If none of the abobe fits your needs or you insist in solving the problem they way you presented, then you can dynamically configure the job depending on parameters and creating one step for each client using JavaConf:

@Bean
public Job job(){
    JobBuilder jb = jobBuilders.get("job");
    for(Client c : clientsToProcess) {
            jb.flow(buildStepByClient(c));
    };
    return jb.build();
}

Again, I strongly advise you not to go this way: ugly, against framework philosophy, hard to maintain, debug, you'll probably have to also use JTA/XA here, ...

I hope I've been of any help!

0
votes

Local Partitioning will solve your problem.

In your partitioner, you will put all of your clients Ids in map as shown below ( just pseudo code ) ,

public class PartitionByClient implements Partitioner {

        @Override
        public Map<String, ExecutionContext> partition(int gridSize) {
            Map<String, ExecutionContext> result = new HashMap<>();
            int partitionNumber = 1;
            for (String client: allClients) {
            ExecutionContext value = new ExecutionContext();
            value.putString("client", client);
            result.put("Client [" + client+ "] : THREAD " + partitionNumber, value);
            partitionNumber++;
            }

        } 

        return result;
        }
    }

This is just a pseudo code. You have to look to detailed documentation of partitioning.
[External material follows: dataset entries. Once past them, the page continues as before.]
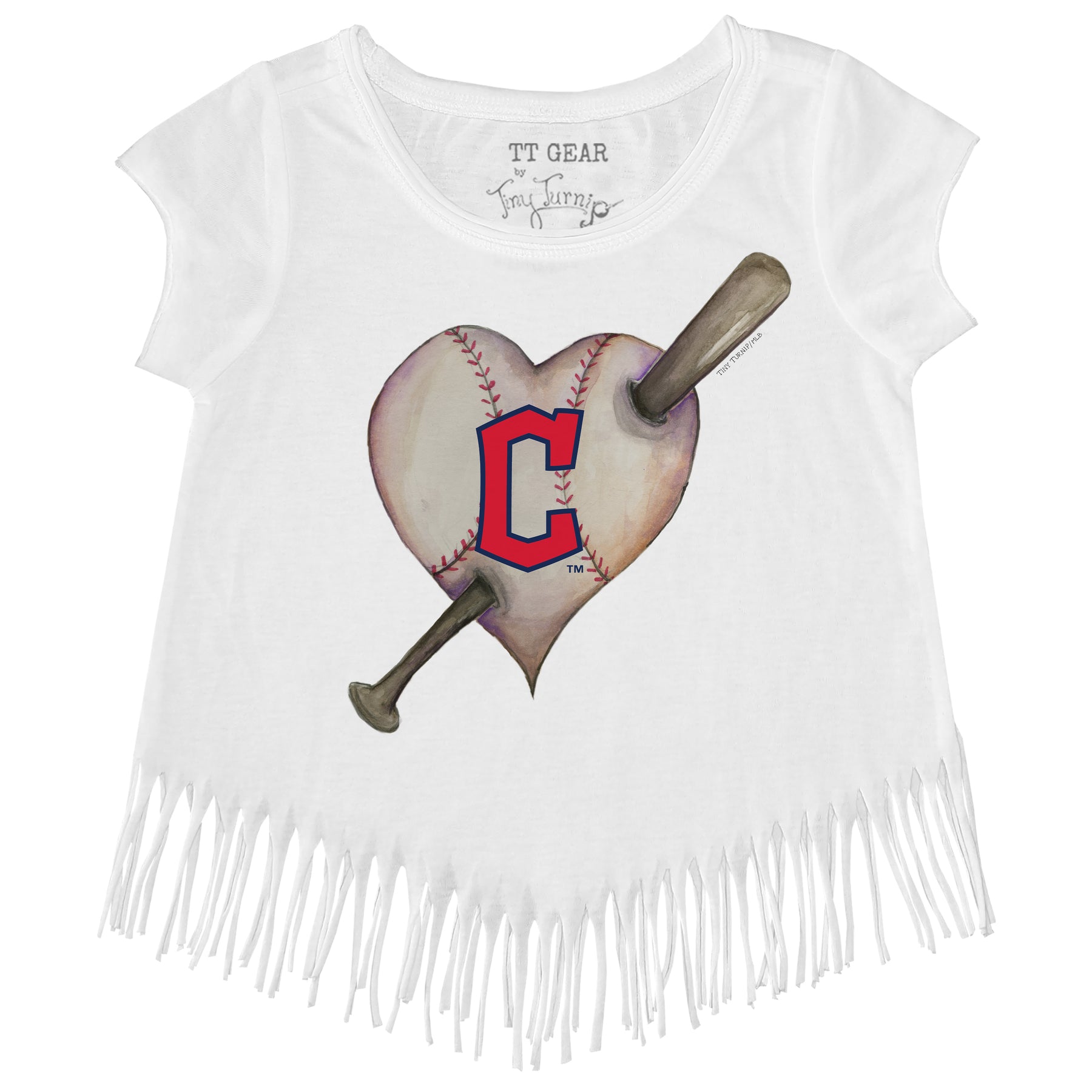 Cleveland Guardians Heart Bat Fringe Tee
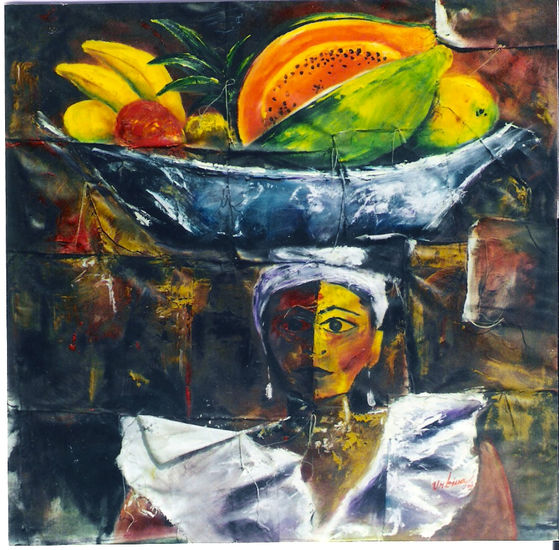 Palenquera con papaya Oil Canvas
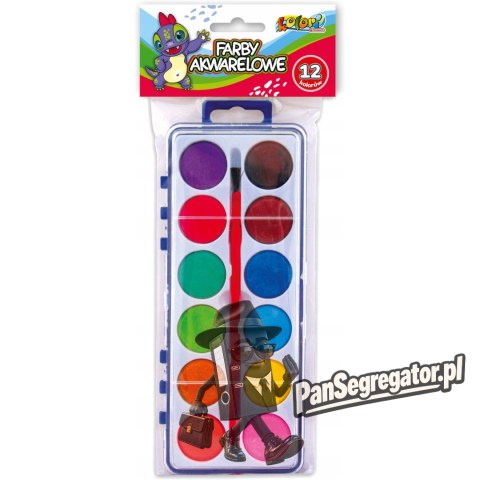 Farby akwarelowe 12 kolorów + pędzelek TT8313 PENMATE KOLORI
You will have to mark your reader , processor and writer in @StepScope ( i.e. which ever part needs the value of your client ). Reader will use this client in WHERE clause of SQL. You will use @Value("#{stepExecutionContext[client]}") String client in reader etc definition to inject this value.

Now final piece , you will need a task executor and clients equal to concurrencyLimit will start in parallel provided you set this task executor in your master partitioner step configuration.

@Bean
    public TaskExecutor taskExecutor() {
    SimpleAsyncTaskExecutor simpleTaskExecutor = new SimpleAsyncTaskExecutor();
    simpleTaskExecutor.setConcurrencyLimit(concurrencyLimit);
    return simpleTaskExecutor;
    }

concurrencyLimit will be 1 if you wish only one client running at a time.